## YOUR GOAL:
Look below for the line that contains "It's Fine Dumpster", then quote it and all the lines after it, exactly, with the pictures left out.

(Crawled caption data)
──────────
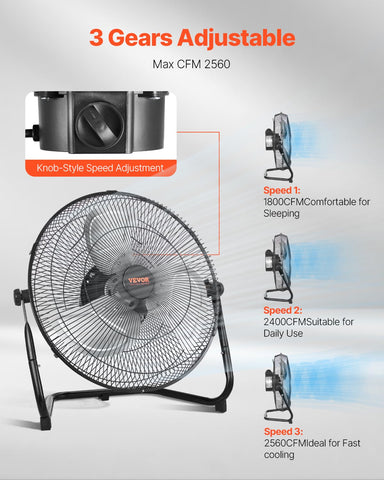 VEVOR floor fan tilt-adjust demonstrates 360-degree airflow control.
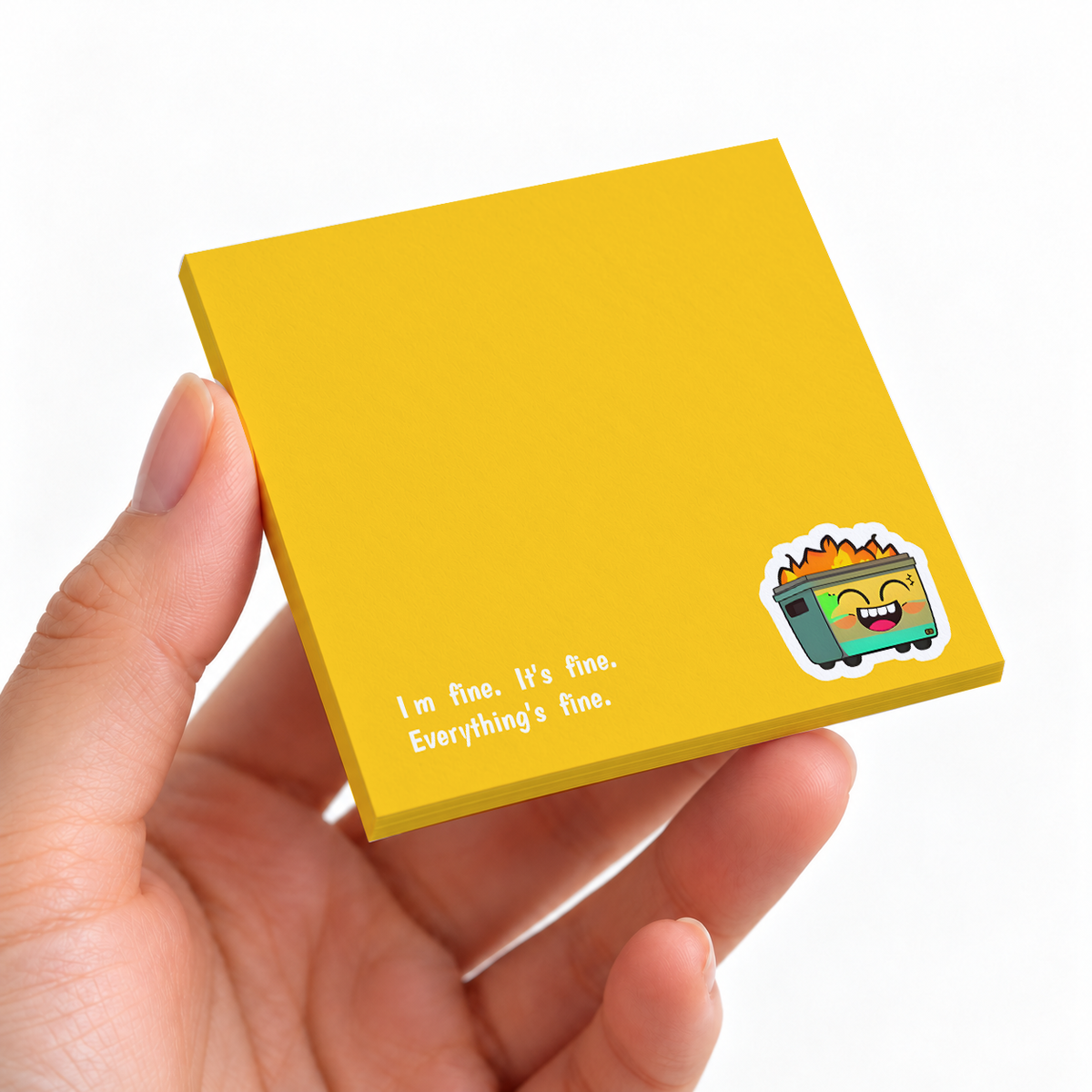 It's Fine Dumpster Fire Sarcastic sticky note pad on a desk with stationery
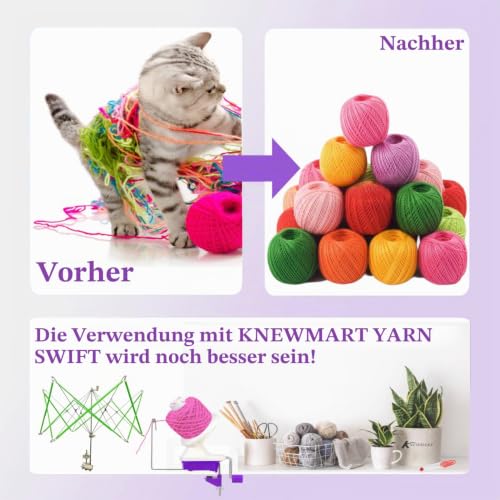 Garnwickler mit Tischklemme, 4 Pompon-Maker und Schere – Bild 6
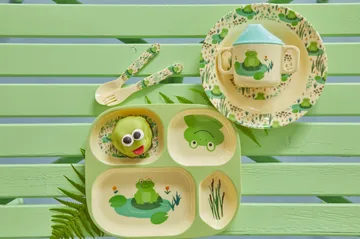 Rice børneservice 4 dele - Frog - RICE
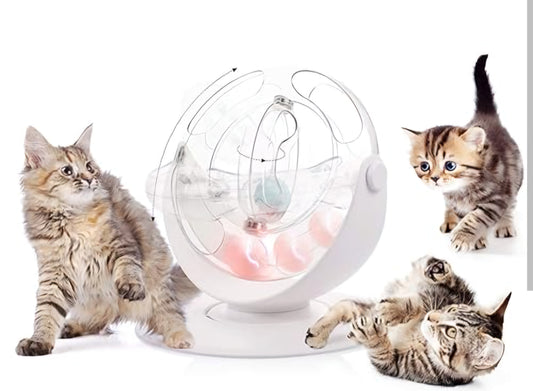 Pecute Cat Toy 360° Space Spinning Ball Toy Roller Cat Toy Mental and Physical Exercise Training Toys Equipped with Bell Dazzle Ball, Cat Mint Ball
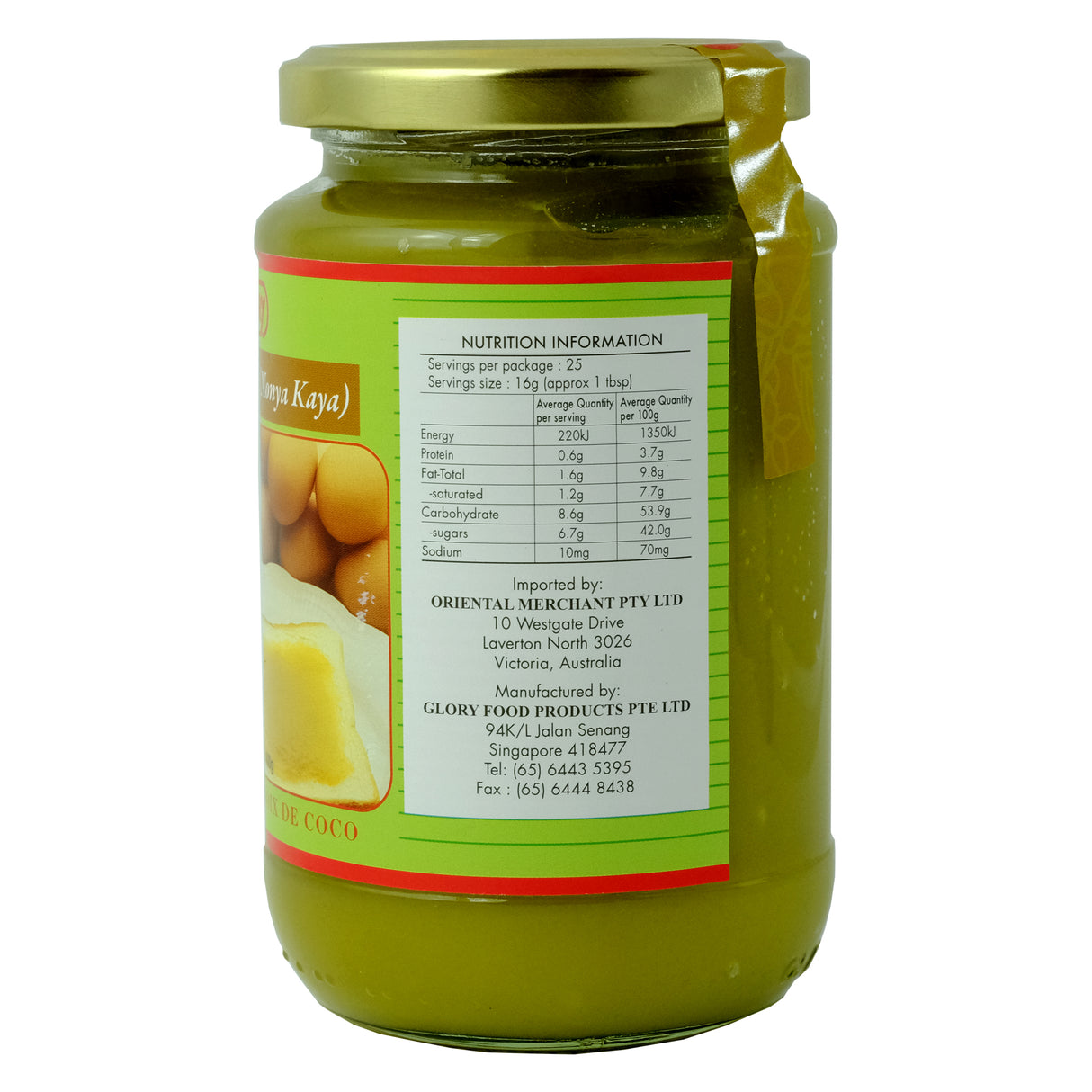 Glory Coconut spread (Nonya Kaya) 400g Nutritional Information & Ingredients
──────────
## REPLY TO THE EXERCISE:
 It's Fine Dumpster Fire Sarcastic sticky note pad on a desk with stationery
 Garnwickler mit Tischklemme, 4 Pompon-Maker und Schere – Bild 6
 Rice børneservice 4 dele - Frog - RICE
 Pecute Cat Toy 360° Space Spinning Ball Toy Roller Cat Toy Mental and Physical Exercise Training Toys Equipped with Bell Dazzle Ball, Cat Mint Ball
 Glory Coconut spread (Nonya Kaya) 400g Nutritional Information & Ingredients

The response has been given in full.